Measuring Memorization Effect in Word-Level Neural Networks Probing
This work addresses a reliability issue in NLP probing studies, offering a tool to improve result interpretation, though it is incremental as it builds on existing efforts to minimize memorization.
The authors tackled the problem of measuring memorization in word-level neural network probing, where classifiers may memorize labels rather than extract linguistic abstractions, leading to false positives; they proposed a method to quantify memorization using symmetric test sets of seen versus unseen words, demonstrating it on a part-of-speech probing case study for a neural machine translation encoder.

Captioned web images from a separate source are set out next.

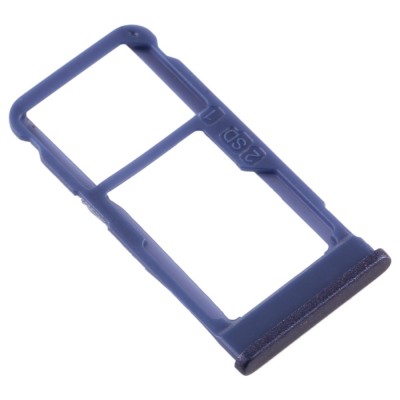 Sim Card Holder Tray For Nokia 5 1 Plus Nokia X5 Blue - Maxbhi Com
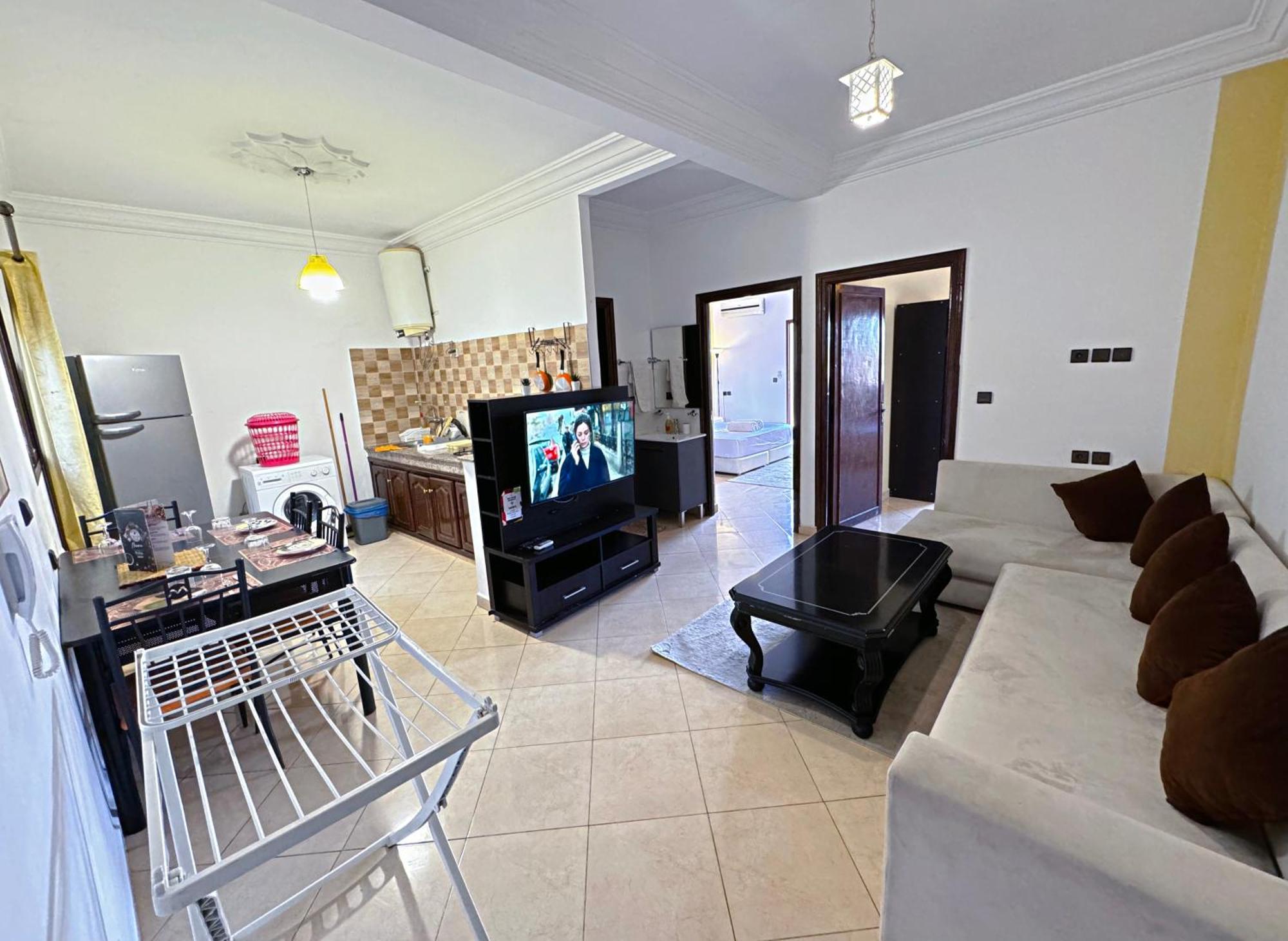 Residence Chay - Appartement De Luxe Ouarzazate Eksteriør billede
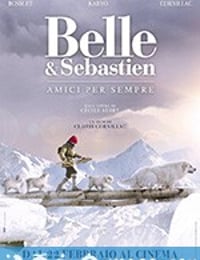 灵犬雪莉3 Belle et Sébastien 3, le dernier chapitre (2018)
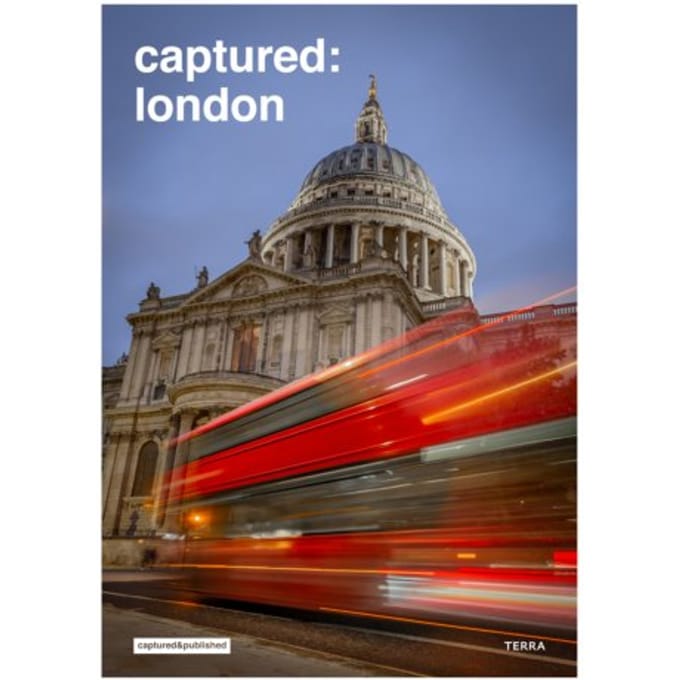 Captured: London - Roy Geneugelijk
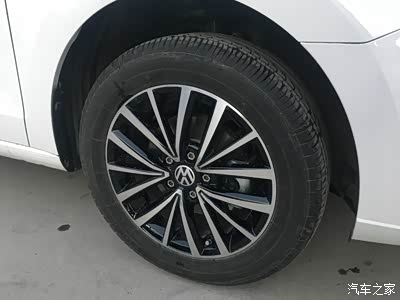 2017款新捷达小改记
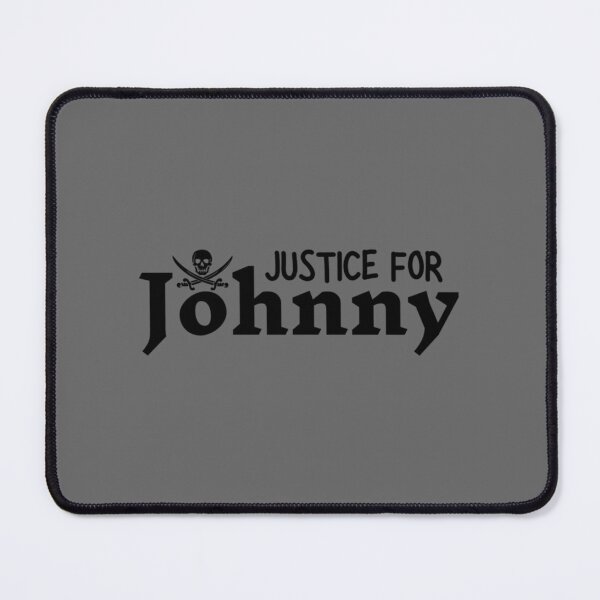 Item preview, Justice For Johnny - Johnny Depp Trial designed and sold by AlizaBartoletti.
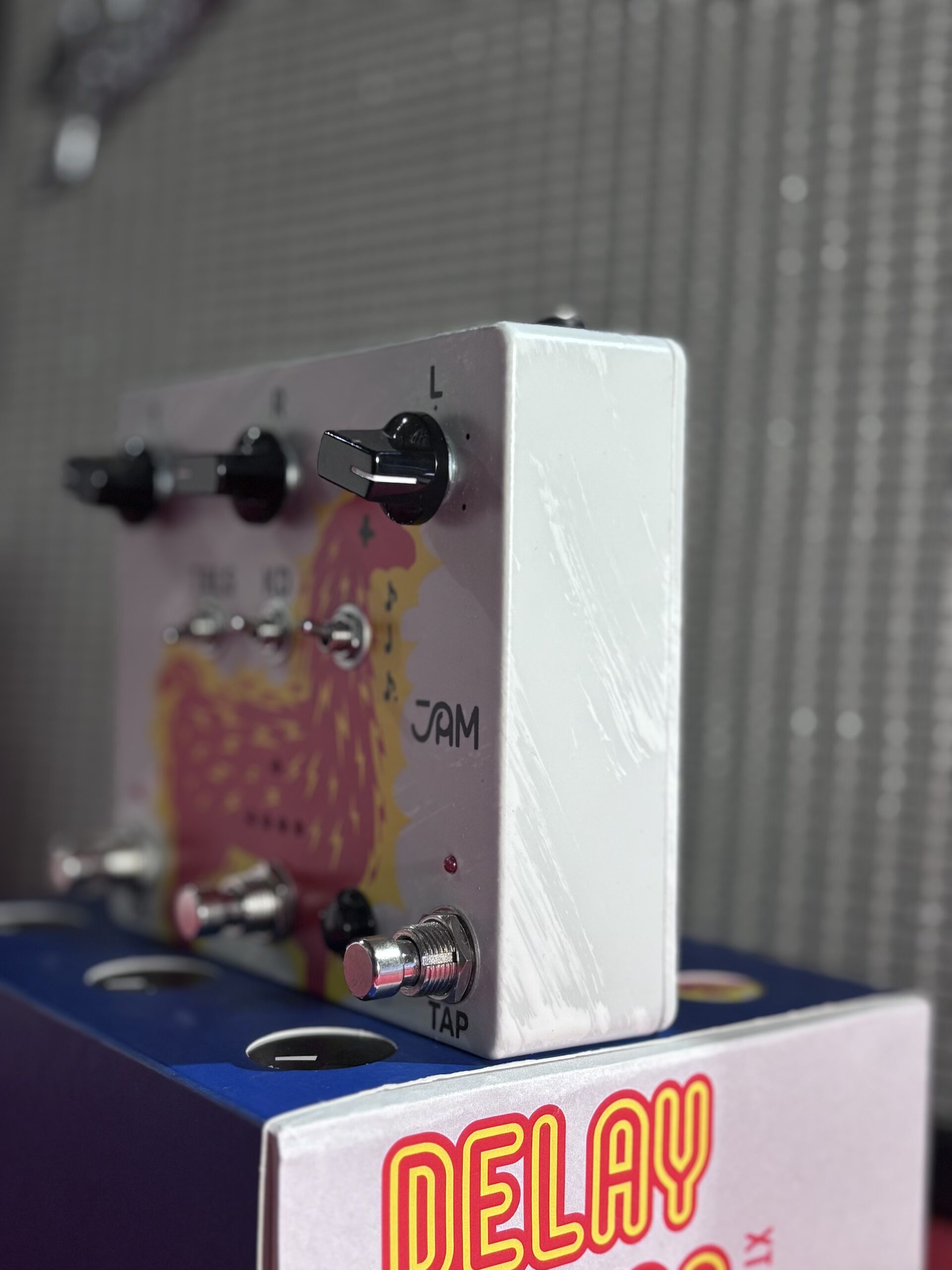 Jam Pedals Delay Llama XTreme - Brahms Strumenti Musicali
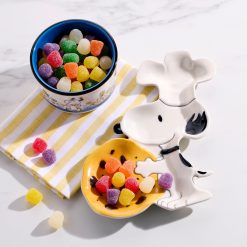 Alternative view of Lenox Westmore Chef Snoopy Candy Dish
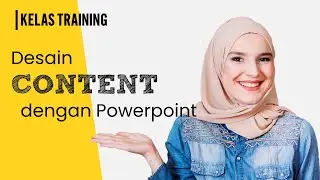 Webinar cara desain powerpoint yang menarik dan kreatif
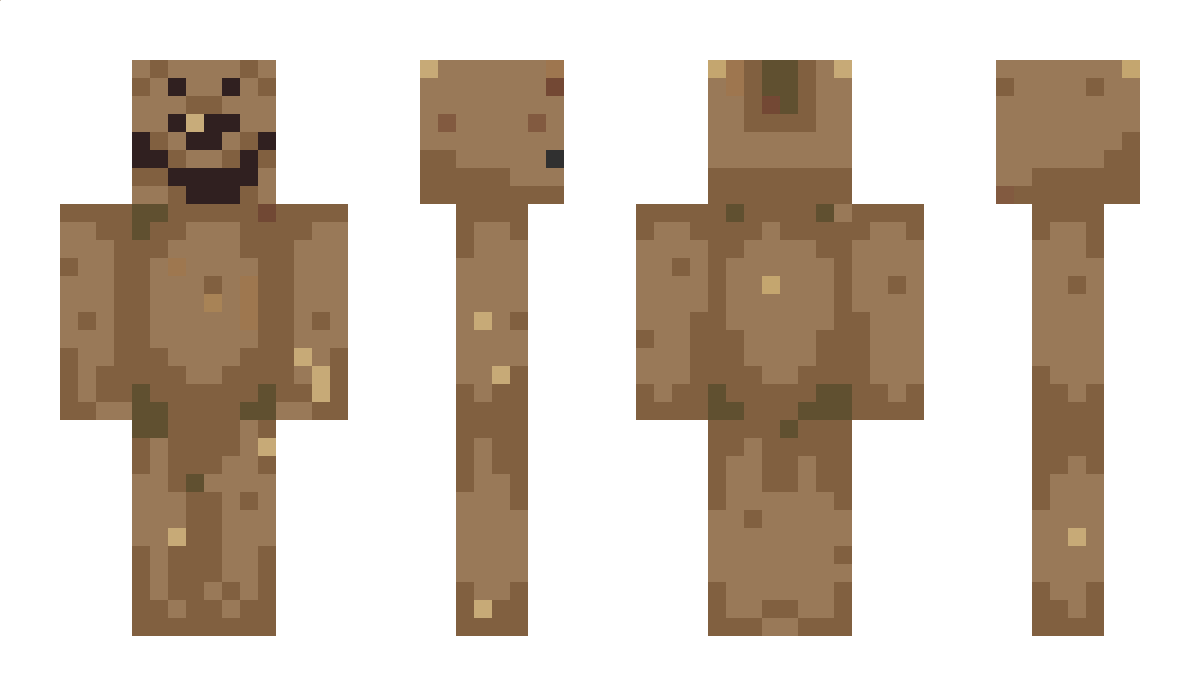 Birgutter Minecraft Skin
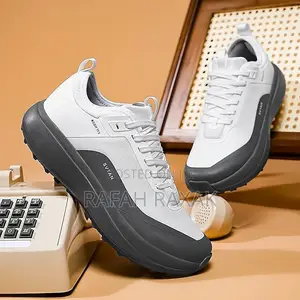 Men’S Super Classic Breathable Gore-tex Running Sneakers
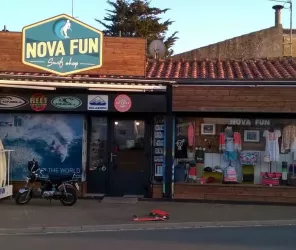 nova fun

Multiple studies have probed representations emerging in neural networks trained for end-to-end NLP tasks and examined what word-level linguistic information may be encoded in the representations. In classical probing, a classifier is trained on the representations to extract the target linguistic information. However, there is a threat of the classifier simply memorizing the linguistic labels for individual words, instead of extracting the linguistic abstractions from the representations, thus reporting false positive results. While considerable efforts have been made to minimize the memorization problem, the task of actually measuring the amount of memorization happening in the classifier has been understudied so far. In our work, we propose a simple general method for measuring the memorization effect, based on a symmetric selection of comparable sets of test words seen versus unseen in training. Our method can be used to explicitly quantify the amount of memorization happening in a probing setup, so that an adequate setup can be chosen and the results of the probing can be interpreted with a reliability estimate. We exemplify this by showcasing our method on a case study of probing for part of speech in a trained neural machine translation encoder.